Duras, qui avait déjà commencé à définir sa propre voie d’écriture, la poursuit dans Le Marin de Gibraltar et l’approfondit dans Les Petits chevaux de Tarquinia. Pour Colette Audry, qui écrivait dans Temps modernes, en décembre 1958, Les Petits Chevaux de Tarquinia est d’abord, bien que secrètement, une « histoire d’intellectuels à mauvaise conscience » 1158 . Les personnages se trouvent murés en eux-mêmes par une épaisseur supplémentaire (leur intellectualité), dit Colette Audry, et chaque fois qu’ils tentent une sortie, c’est pour poser des devinettes ou pour se laisser prendre au piège. Au point qu’on se demande si l’amertume sourde qui envahit tous ces amis n’est pas due au moins autant à la parole, libérée par les loisirs, qu’à la chaleur et aux vacances qui placent chacun en face de sa propre vie… « Nous avons donc bien affaire ici à une histoire, à un roman d’intellectuels…centre caché qui ordonne toute la structure de l’œuvre », dit Colette Audry. 1159 Toutefois, par quelques remarques, elle signale la démarche originale de ce roman. Ainsi, les équivoques, les incertitudes, les silences, les apparentes tricheries des dialogues et des récits ne sont que « le cheminement d’une pénible expérience collective, expérience où il se ne passe presque rien mais où personne ne sait plus très bien où il en est…Ce livre est aussi une contestation de la littérature psychologique ». 1160
Bernard Dort, quant à lui, propose une lecture plus « orientée » 1161 du livre et dégage nettement certaines intentions et certaines caractéristiques de la démarche romanesque de Marguerite Duras. A son avis, les héros de Duras sont posés devant nous sans être qualifiés. Ils sont là. Ilsparlent, ils agissent (peu), ils commentent leurs actions. Le cours du récit est lent, dit Bernard Dort, coupé de tâtonnements. L’auteur n’explique rien. Mais il faut faire attention aux mots, aux gestes qui surgissent, aux complicités qui s’ébauchent autour de choses tues… : « cela suffit pour que le cercle clos dans lequel étouffaient ces héros, cède, pour que l’univers se présente à eux comme une tâche, un domaine à reconquérir », affirme Bernard Dort. 1162 La coque de chaleur dans laquelle les personnages des Petits chevaux de Tarquinia se desséchaient, éclate. Les vacances, l’absence de toute occupation définie ont révélé nos héros. Dans cette chaleur, à travers leurs gestes ébauchés, s’est recréé un équilibre, une unité. Surtout à travers ce que la vie offre de plus quotidien : les « bitter campari », la nourriture…

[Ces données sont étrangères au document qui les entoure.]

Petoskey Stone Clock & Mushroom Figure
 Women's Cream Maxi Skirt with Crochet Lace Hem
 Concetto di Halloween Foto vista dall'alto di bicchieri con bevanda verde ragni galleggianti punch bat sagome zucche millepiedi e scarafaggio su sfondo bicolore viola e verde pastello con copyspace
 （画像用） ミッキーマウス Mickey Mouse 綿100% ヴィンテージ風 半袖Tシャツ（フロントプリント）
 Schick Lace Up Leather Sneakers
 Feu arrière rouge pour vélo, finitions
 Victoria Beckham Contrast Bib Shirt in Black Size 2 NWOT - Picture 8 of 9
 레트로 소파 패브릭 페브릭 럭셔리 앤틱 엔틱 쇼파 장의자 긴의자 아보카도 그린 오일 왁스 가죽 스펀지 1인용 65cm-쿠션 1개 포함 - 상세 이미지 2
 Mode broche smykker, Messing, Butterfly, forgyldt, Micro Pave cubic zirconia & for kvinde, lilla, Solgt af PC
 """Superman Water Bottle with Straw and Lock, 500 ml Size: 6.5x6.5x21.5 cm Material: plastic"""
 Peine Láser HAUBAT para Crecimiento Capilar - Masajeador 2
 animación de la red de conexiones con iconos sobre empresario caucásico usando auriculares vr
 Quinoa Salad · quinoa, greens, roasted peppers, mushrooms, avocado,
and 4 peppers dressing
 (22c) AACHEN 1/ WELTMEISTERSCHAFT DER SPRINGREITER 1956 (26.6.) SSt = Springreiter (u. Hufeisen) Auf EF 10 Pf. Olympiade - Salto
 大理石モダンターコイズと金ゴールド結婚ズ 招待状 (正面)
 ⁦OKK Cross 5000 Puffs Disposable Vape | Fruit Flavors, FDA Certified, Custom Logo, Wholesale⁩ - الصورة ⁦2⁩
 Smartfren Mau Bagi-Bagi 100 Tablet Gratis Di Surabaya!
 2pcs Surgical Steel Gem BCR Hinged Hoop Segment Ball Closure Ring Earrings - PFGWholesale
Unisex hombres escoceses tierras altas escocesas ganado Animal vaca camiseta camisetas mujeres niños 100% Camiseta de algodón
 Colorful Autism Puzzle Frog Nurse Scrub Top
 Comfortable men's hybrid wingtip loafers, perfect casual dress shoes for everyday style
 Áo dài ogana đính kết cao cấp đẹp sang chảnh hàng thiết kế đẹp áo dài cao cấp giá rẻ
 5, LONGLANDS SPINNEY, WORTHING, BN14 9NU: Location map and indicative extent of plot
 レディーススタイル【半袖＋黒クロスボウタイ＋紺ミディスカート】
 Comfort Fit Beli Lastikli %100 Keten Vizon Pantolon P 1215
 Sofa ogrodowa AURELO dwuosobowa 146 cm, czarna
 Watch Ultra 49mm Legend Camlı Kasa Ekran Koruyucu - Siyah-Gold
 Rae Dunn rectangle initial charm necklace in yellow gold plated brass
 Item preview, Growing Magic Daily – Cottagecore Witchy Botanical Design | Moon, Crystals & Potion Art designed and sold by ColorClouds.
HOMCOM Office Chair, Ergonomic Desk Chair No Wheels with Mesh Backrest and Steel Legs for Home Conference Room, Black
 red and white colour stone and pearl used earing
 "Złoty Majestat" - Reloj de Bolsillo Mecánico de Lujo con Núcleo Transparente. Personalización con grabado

Le Monde du 25 août 1966 signale que dans ce livre, les Petits chevaux de Tarquinia, ce n’est plus comme dans le Barrage, l’espoir d’ « en sortir ». Ni comme dans Le Marin de Gibraltar, l’espoir de trouver. C’est l’espoir « de se trouver pour s’en sortir. » 1163 L’itinéraire ici est bref, considère Dominique Arban, et ce n’est pas un hasard si le livre se situe en un lieu et un temps de vacances. De la plage à l’hôtel, de cet hôtel à la plage. Du désir d’un « ailleurs » au refus de « l’ailleurs ». En sortir ? se demande Dominique Arban. Y rester ? « De piétinement en piétinement, le livre avance en petits coups de dialogue : velléités, résignation ; révolte, indifférence. » 1164 Le critique dit qu’ici l’écrivain a dominé les influences, a rejoint, sans le savoir sans doute, ses naturelles parentés. Il ne s’agit plus de « maîtres d’écriture », il s’agit, dit Dominique Arban, de « famille d’esprit » : « Marguerite Duras est une jeune sœur du grand écrivain russe Tchékhov ». 1165 Les Petits chevaux de Tarquinia frémissent « d’une sourde angoisse » 1166 qui installe le lecteur dans un état de « malaise » 1167 , ce qui n’empêche pas la critique de considérer ce livre un des meilleurs romans de l’année et de le citer parmi les favoris aux prix de fin d’année, à côté de Marcel Moussy (La Table ronde), Jean Guirec et Marcel Schneider (Albin Michel) 1168 . « Marguerite Duras écrit avec Les Petits chevaux de Tarquinia le chef-d’œuvre que ses deux autres romans laissaient prévoir » 1169 , dit-on dans l’émission Le goût des livres. « En perfectionnant une écriture impressionniste dont on ne peut trouver le point de départ que dans Et le soleil se lève aussi d’Hemingway et en approfondissant sous tous ces aspects un des thèmes qui lui sont les plus chers, celui des vacances » 1170 , Duras cache, derrière les négligences de style, qui sont d’ailleurs volontaires, « son mépris de la “bonne littérature”. » 1171 Ses chances de voir couronner son livre ont été pourtant minces, peut-on lire dans L’Observateur du 17 décembre 1953, car le roman sortait de l’ordinaire par ce sujet difficilement perceptible. Les journaux apprécient pourtant la « façon magistrale » et la « subtilité » 1172 dont Duras sait peindre les difficultés, voire l’impossibilité de la communication entre les êtres. Juste le lecteur superficiel peut en être déçu, voire irrité, avertit L’Observateur, mais les connaisseurs seront « ravis de voir pareil tour de force mené jusqu’à sa réussite ».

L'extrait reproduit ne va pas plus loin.